Greens spokesperson for Children and Youth, and Justice, Hon Alison Xamon MLC has today welcomed the findings of the Punitive Not Protective: When the Mandatory Registration of Young People is not based on risk report, from the Standing Committee on Environment and Public Affairs.
Ms Xamon, who made a submission to the inquiry, said today’s report was timely and important – and she hoped the recommendations presented would lead to much needed reform of the Community Protection (Offender Reporting) Act 2004.
She said the Greens had long-held concerns about the impact of mandatory registration on children, particularly as there was currently no consideration given to offenders’ developmental or other issues, and there was currently no mechanism for removing a young person from the Community Protection Offender Register (the Register), leading to lifelong registration.
“Child sexual abuse is a terrible crime which has lasting impacts on victims – and the community rightly expects a strong and robust response,” Ms Xamon said.
“Yet, we know that research, most notably from the Australian Institute of Criminology, suggests young sex offenders are unlikely to become adult sex offenders, therefore a lifelong inclusion on the Register is not appropriate in every instance.”
Ms Xamon said she was pleased to see today’s report emphasise the importance of differentiating between young and adult offenders under the law.
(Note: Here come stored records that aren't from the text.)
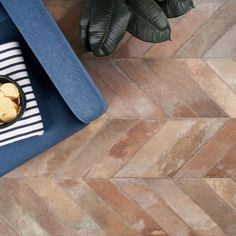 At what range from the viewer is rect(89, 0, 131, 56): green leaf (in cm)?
141

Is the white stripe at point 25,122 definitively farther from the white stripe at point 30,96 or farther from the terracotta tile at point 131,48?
the terracotta tile at point 131,48

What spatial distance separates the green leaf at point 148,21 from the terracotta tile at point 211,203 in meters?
0.72

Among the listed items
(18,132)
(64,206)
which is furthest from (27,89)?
(64,206)

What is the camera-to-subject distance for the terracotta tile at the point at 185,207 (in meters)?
1.86

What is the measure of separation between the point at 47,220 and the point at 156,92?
0.74 meters

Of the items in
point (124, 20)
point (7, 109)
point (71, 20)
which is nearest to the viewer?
point (7, 109)

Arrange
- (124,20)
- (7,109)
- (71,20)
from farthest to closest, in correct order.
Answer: (71,20) < (124,20) < (7,109)

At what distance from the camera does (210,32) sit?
1843mm

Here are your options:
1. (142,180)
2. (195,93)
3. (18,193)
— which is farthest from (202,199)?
(18,193)

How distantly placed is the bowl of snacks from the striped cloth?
43 millimetres

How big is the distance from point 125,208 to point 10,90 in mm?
822

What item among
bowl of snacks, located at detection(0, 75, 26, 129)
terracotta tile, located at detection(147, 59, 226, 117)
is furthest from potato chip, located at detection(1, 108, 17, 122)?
terracotta tile, located at detection(147, 59, 226, 117)

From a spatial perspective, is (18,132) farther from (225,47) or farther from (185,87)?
(225,47)

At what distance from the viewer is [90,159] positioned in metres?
1.84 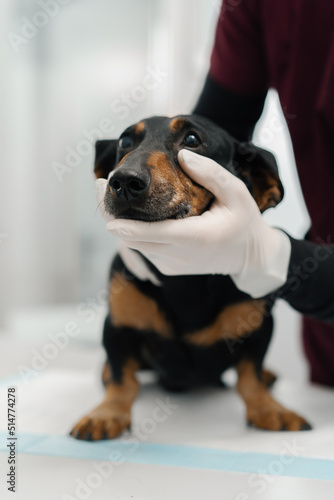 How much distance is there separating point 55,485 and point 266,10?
1.14 meters

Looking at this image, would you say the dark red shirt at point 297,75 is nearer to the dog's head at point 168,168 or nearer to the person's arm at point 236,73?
the person's arm at point 236,73

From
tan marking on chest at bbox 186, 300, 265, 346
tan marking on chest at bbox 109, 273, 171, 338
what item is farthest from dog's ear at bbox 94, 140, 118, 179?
tan marking on chest at bbox 186, 300, 265, 346

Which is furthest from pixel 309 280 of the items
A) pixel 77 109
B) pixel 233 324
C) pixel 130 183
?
pixel 77 109

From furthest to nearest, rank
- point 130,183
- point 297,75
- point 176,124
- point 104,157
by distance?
point 297,75, point 104,157, point 176,124, point 130,183

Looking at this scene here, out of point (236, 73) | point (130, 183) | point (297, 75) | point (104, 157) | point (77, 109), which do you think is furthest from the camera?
point (77, 109)

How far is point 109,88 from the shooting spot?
2062mm

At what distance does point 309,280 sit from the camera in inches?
37.7

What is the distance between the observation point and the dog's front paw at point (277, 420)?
0.99 m

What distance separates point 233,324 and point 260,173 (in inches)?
11.7

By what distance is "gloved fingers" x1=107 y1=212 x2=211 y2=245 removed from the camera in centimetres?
76

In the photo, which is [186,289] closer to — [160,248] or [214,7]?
[160,248]

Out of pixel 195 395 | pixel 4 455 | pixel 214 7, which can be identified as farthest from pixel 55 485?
pixel 214 7

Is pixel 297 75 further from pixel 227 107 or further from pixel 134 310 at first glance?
pixel 134 310

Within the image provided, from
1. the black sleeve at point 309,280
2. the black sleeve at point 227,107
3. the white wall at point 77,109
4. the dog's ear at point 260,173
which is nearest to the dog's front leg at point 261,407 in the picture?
the black sleeve at point 309,280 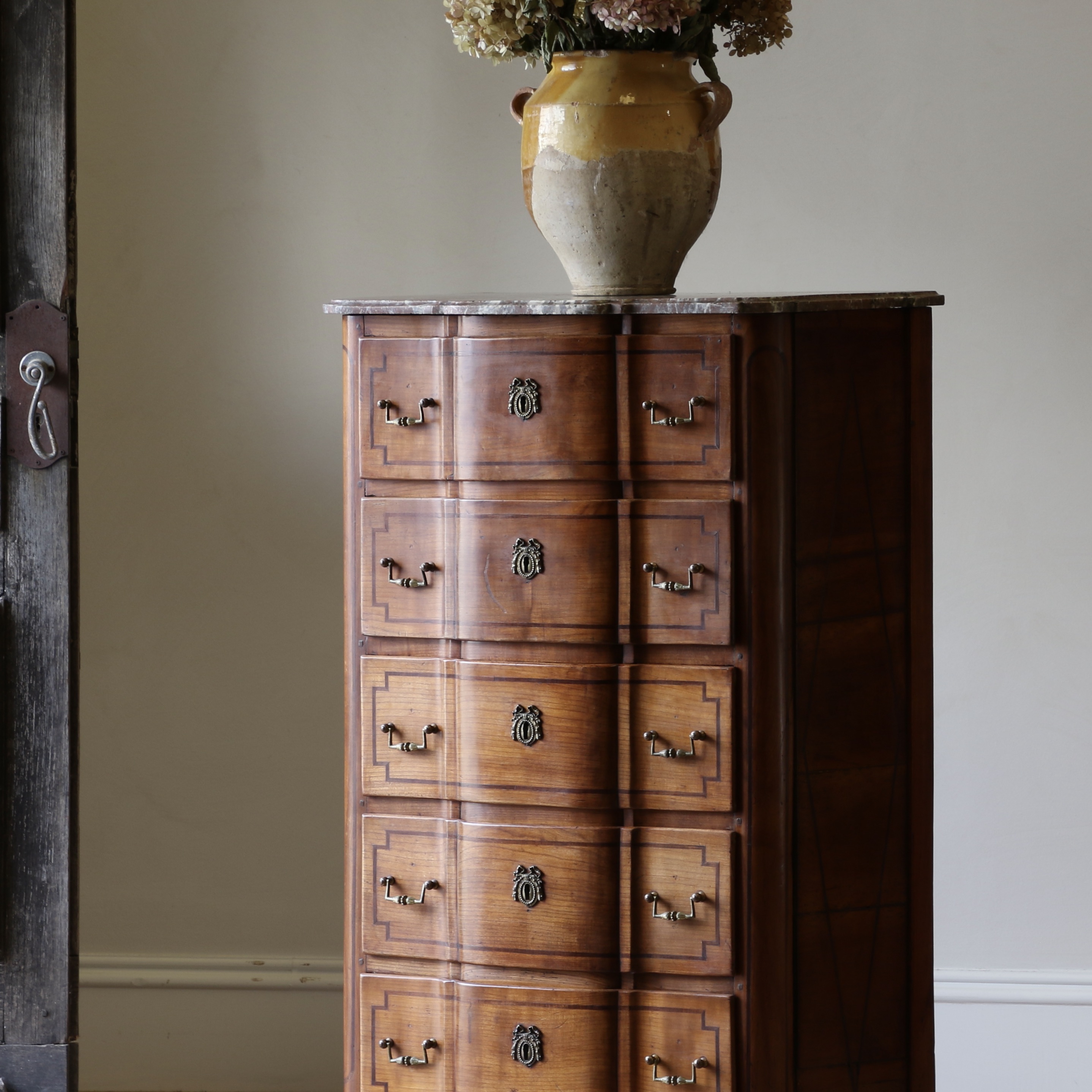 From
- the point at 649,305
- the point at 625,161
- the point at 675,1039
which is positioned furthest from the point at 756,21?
the point at 675,1039

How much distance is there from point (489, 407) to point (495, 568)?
7.3 inches

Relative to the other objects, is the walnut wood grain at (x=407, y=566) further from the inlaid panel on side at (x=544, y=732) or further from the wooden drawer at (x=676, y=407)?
the wooden drawer at (x=676, y=407)

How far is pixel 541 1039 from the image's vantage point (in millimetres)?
1594

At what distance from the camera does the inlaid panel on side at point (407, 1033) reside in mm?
1627

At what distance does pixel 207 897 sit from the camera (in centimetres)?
241

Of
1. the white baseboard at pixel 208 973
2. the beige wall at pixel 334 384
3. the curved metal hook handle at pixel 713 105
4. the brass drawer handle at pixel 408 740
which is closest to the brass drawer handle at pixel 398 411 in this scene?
the brass drawer handle at pixel 408 740

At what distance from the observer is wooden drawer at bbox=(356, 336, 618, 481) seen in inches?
60.9

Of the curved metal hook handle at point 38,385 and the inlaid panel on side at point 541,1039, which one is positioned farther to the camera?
the curved metal hook handle at point 38,385

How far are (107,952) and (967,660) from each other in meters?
1.57

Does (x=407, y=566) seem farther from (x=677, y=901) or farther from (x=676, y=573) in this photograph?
(x=677, y=901)

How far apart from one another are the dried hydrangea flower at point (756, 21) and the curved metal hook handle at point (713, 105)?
4.1 inches

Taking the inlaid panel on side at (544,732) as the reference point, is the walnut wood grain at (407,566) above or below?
above

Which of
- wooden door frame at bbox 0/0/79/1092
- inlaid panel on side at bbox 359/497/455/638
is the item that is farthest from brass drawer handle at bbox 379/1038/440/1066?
wooden door frame at bbox 0/0/79/1092

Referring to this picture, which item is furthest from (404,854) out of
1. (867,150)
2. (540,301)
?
(867,150) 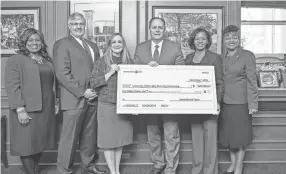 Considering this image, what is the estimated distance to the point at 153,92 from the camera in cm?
263

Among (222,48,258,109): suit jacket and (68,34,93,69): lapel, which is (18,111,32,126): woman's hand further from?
(222,48,258,109): suit jacket

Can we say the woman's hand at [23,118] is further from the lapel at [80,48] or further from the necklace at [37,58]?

She said she very much supported the committee’s recommendations that the Government develop therapeutic approaches within the youth justice system for rehabilitating children who display harmful sexual behaviours, and that registration should be subject to judicial discretion.
“The Act as it currently stands is unfairly applied to low risk offenders,” Ms Xamon said.
“The best interests of the community, as well as of individual children and young people, would be best served by limiting registration and reporting requirements to those young people judged to be a real threat to children.”